Stored data entries:
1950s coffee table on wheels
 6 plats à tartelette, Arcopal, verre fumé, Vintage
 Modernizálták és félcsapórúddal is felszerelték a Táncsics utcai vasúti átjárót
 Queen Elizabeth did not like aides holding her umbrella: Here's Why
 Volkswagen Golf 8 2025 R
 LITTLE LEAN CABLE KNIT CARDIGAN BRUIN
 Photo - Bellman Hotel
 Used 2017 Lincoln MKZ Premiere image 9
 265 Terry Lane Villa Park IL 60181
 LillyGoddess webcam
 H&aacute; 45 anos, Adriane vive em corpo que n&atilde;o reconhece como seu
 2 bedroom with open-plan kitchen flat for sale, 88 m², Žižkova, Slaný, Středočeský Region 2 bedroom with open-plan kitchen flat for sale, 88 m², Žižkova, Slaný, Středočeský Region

■ TASK BRIEF
Copy, please, every line from the start of the entries down to the line that holds "Photo - Bellman Hotel", with both of those lines included and no others.

■ PROBLEM SOLUTION
1950s coffee table on wheels
 6 plats à tartelette, Arcopal, verre fumé, Vintage
 Modernizálták és félcsapórúddal is felszerelték a Táncsics utcai vasúti átjárót
 Queen Elizabeth did not like aides holding her umbrella: Here's Why
 Volkswagen Golf 8 2025 R
 LITTLE LEAN CABLE KNIT CARDIGAN BRUIN
 Photo - Bellman Hotel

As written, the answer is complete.